**RECORDS PROVIDED**
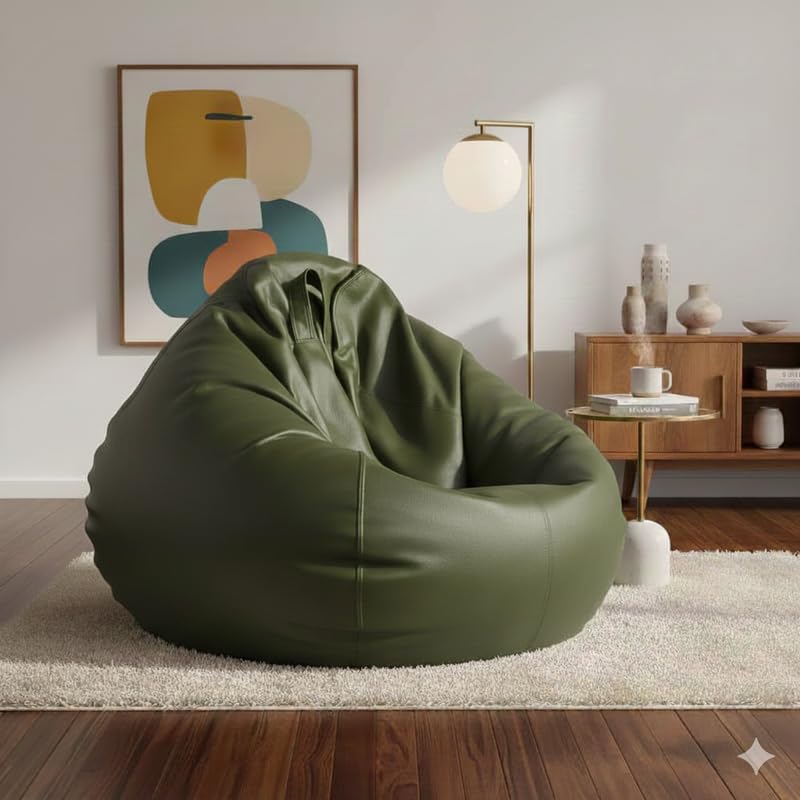 Leather Bean Bag Cover, XXL-Size- Olive Green Colour, Double Stitched, Easy Clean Surface, Ultra Soft & Durable Washable Replacement Cover, Perfect for Adults (Beans Not Included) (OLIVE GREEN)-image-17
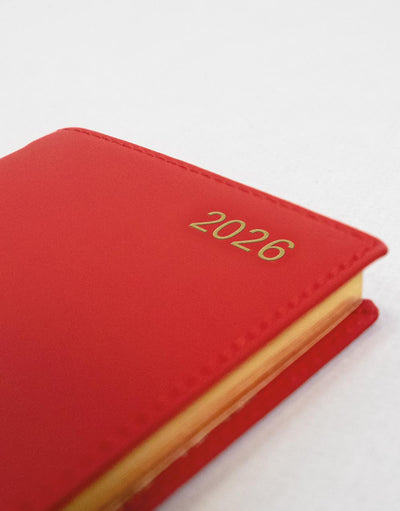 Letts of London Belgravia Slim Week to View Leather Diary with Planners 2026 - English 26-C33SURD #color_red
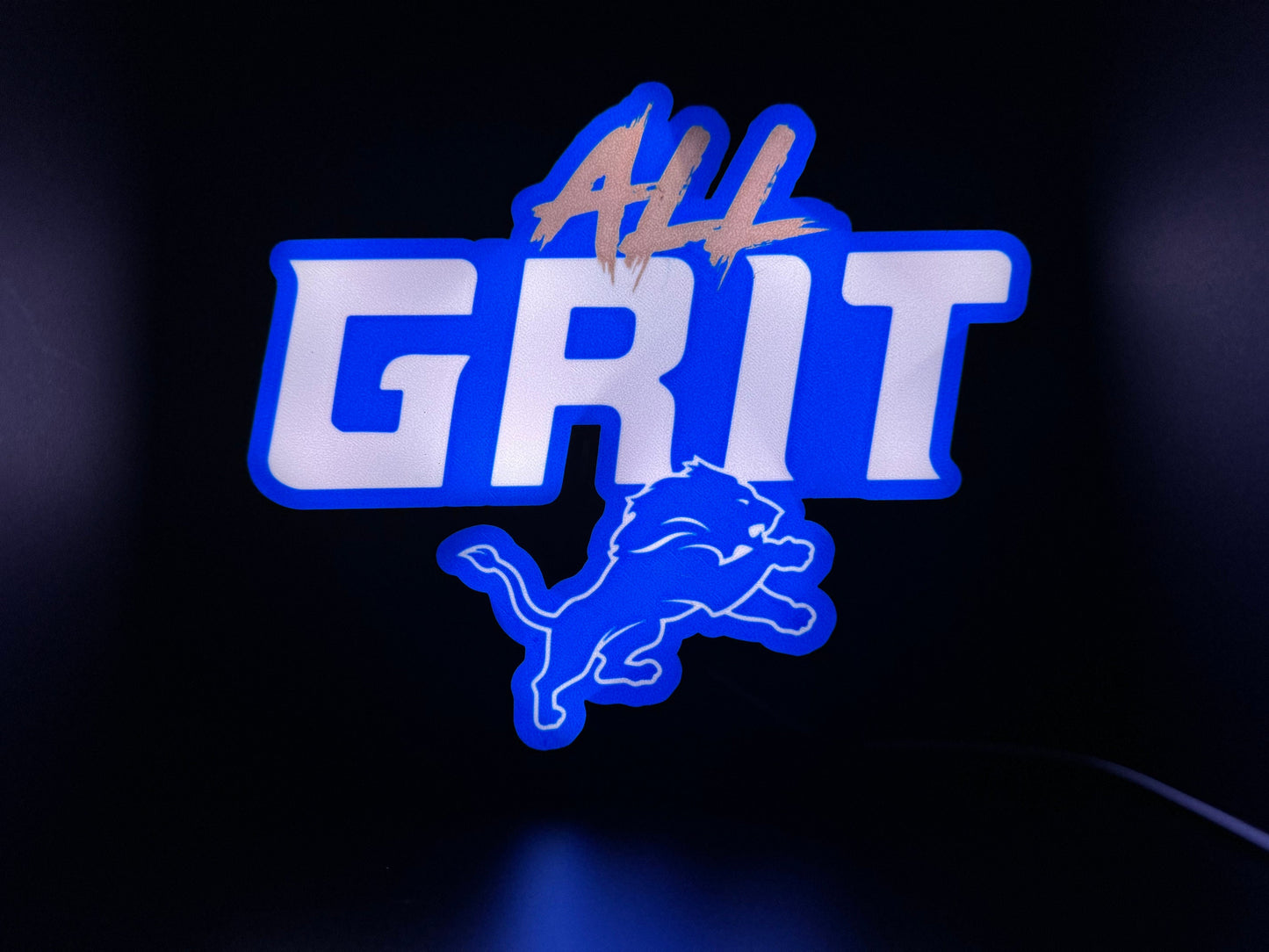 Detroit Lions All Grit LED Sign | Wall Decor | Football Sign | NFL | Gift for Him | Mancave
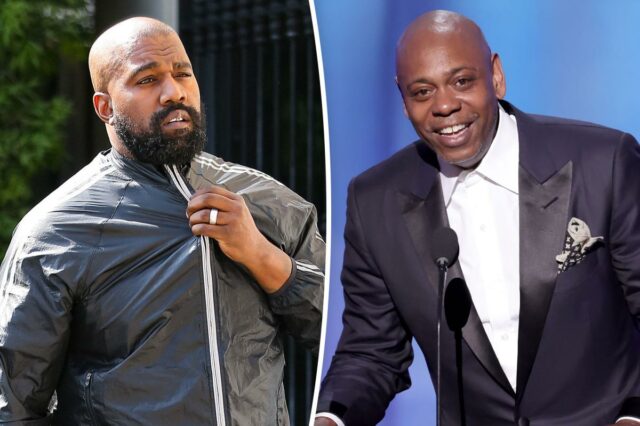 Dave Chappelle zomba hilariamente do convidado surpresa Kanye no palco do show de comédia de Los Angeles
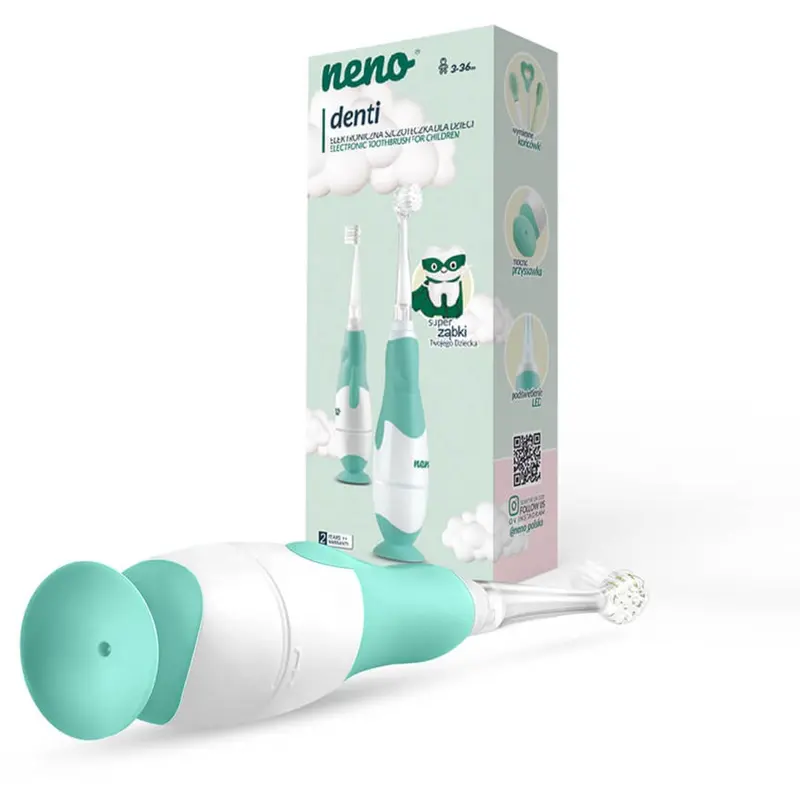 Neno White Green Electric Toothbrush Denti For Kids With 4 Brush Heads 1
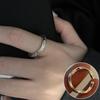 Korean S925 Silver Cross Military Flower Ring: Retro, Adjustable, Fashionable Hip-Hop Index Finger Design for Women.
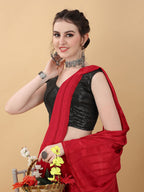 kasee Red & Black Striped Poly Georgette Saree | Grocsy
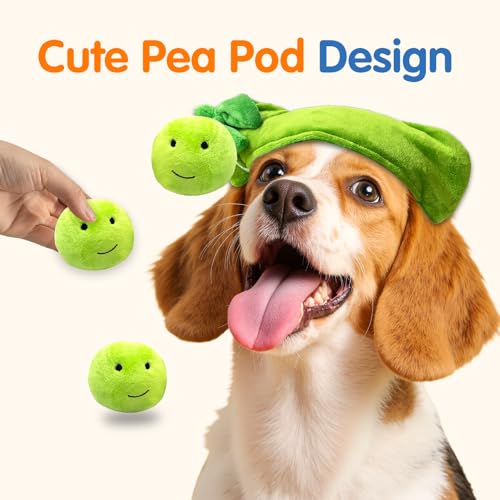 Lepawit Hide and Seek Dog Toys - Interactive Plush Puzzle with Squeaky Pea Balls (Pack of 3) for Small Medium Dogs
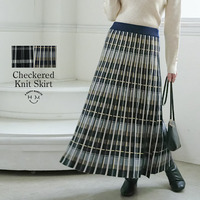 美人に細魅せシルエット！ チェック柄 ニット フレアスカート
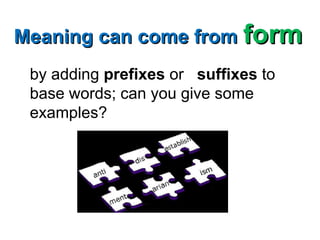 by adding prefixes or suffixes to
base words; can you give some
examples?
Meaning can come from
Meaning can come from form
form
 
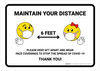 Maintain Your Distance with Emojis Landscape - Wall Sign Maintain Your Distance with Emojis Landscape - Wall Sign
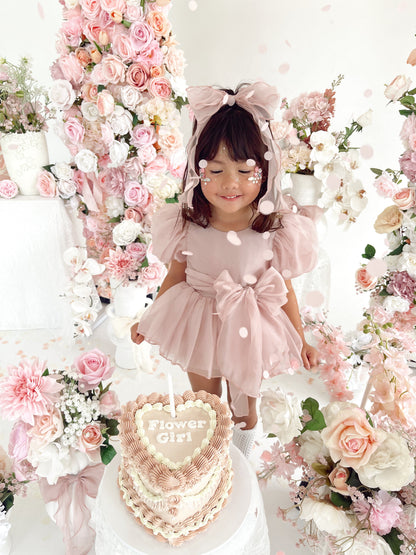 Clementine Matte Blush Rose Pink Organza Baby Girl Romper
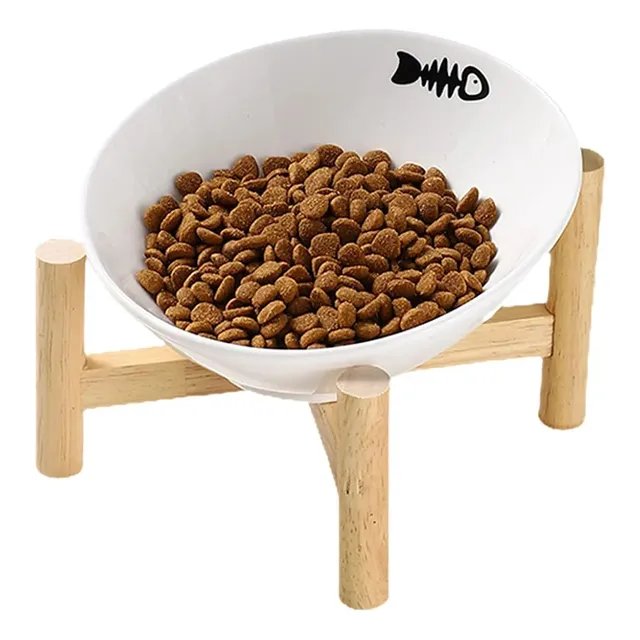 Plato Para Gato De Losa Soporte De Madera 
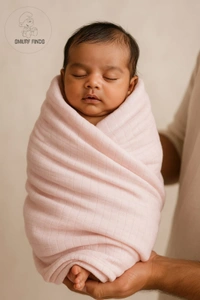 Smurf Finds Muslin Towel | Perfect for Babies|SMTL5201 - 65cm x 65 cm, Pink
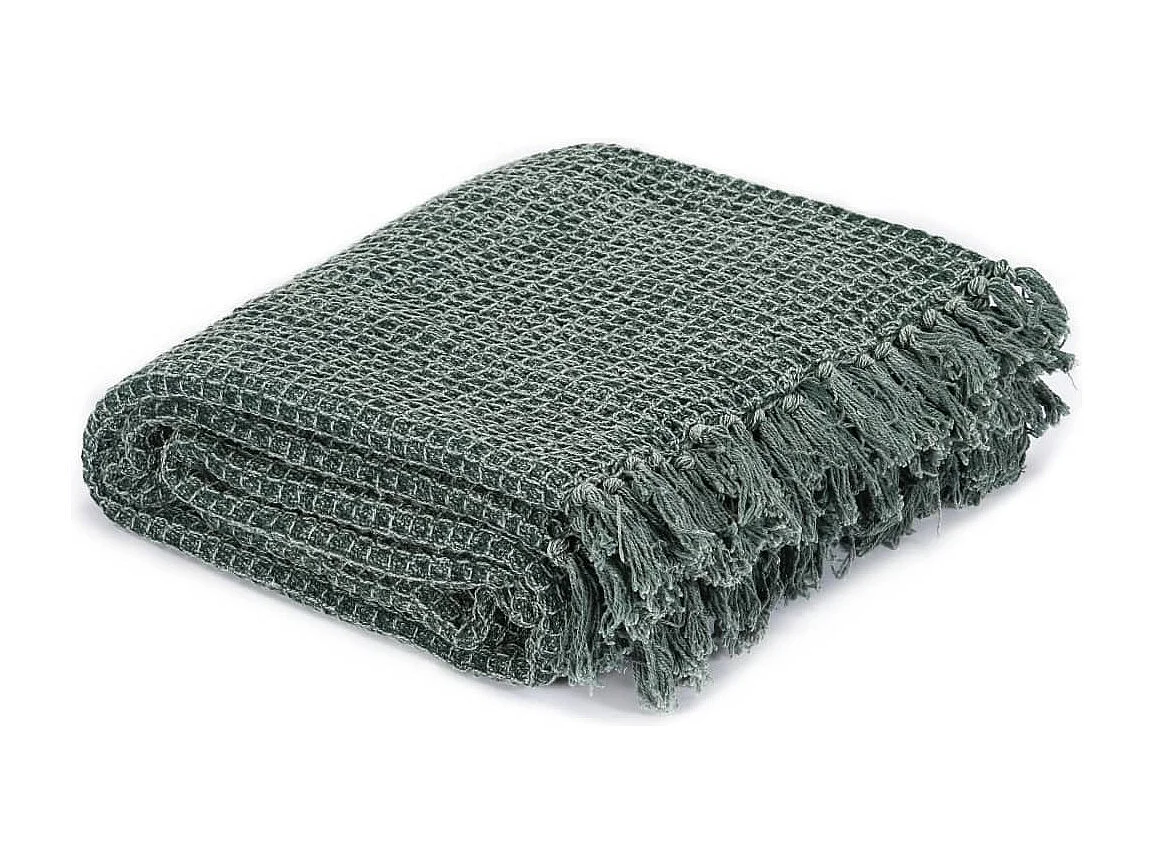 Couverture en coton 125 x 150 cm Vert foncé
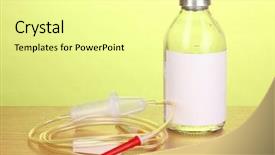  Presentation with antibiotics - Colorful PPT theme enhanced with bag iv fluid - bottle of intravenous antibiotics backdrop and a blonde colored foreground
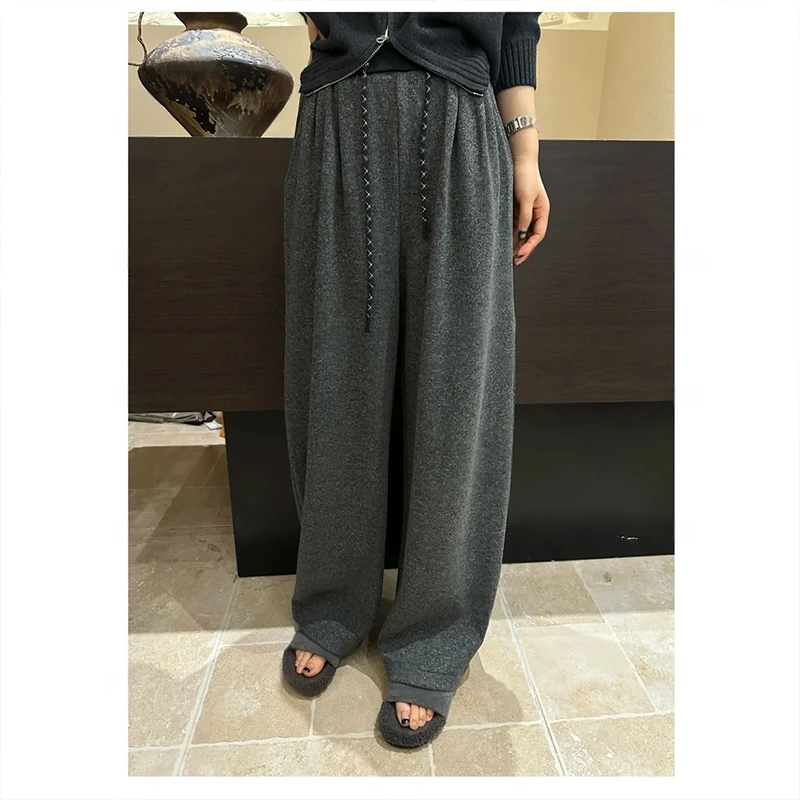 2026秋冬高腰显瘦百搭松紧腰加绒抽绳直筒裤设计高级女士潮流
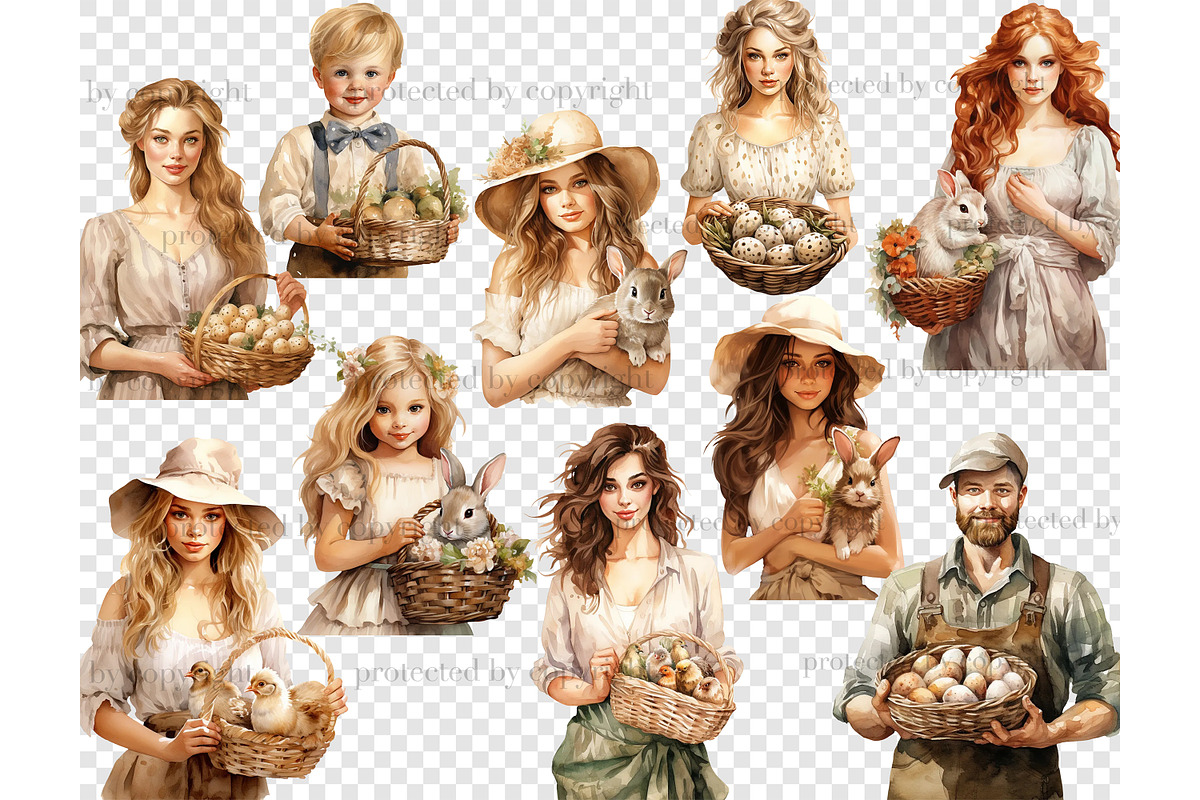 Rustic Easter Clipart | Easter Girls, a Person Illustration by GlamArtZhanna (Photo 4 of 4)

**PROBLEM**
The expected answer is a copy of each line above containing "Meaning".

**ANSWER TO THE PROBLEM**
Meaning can come from
Meaning can come from form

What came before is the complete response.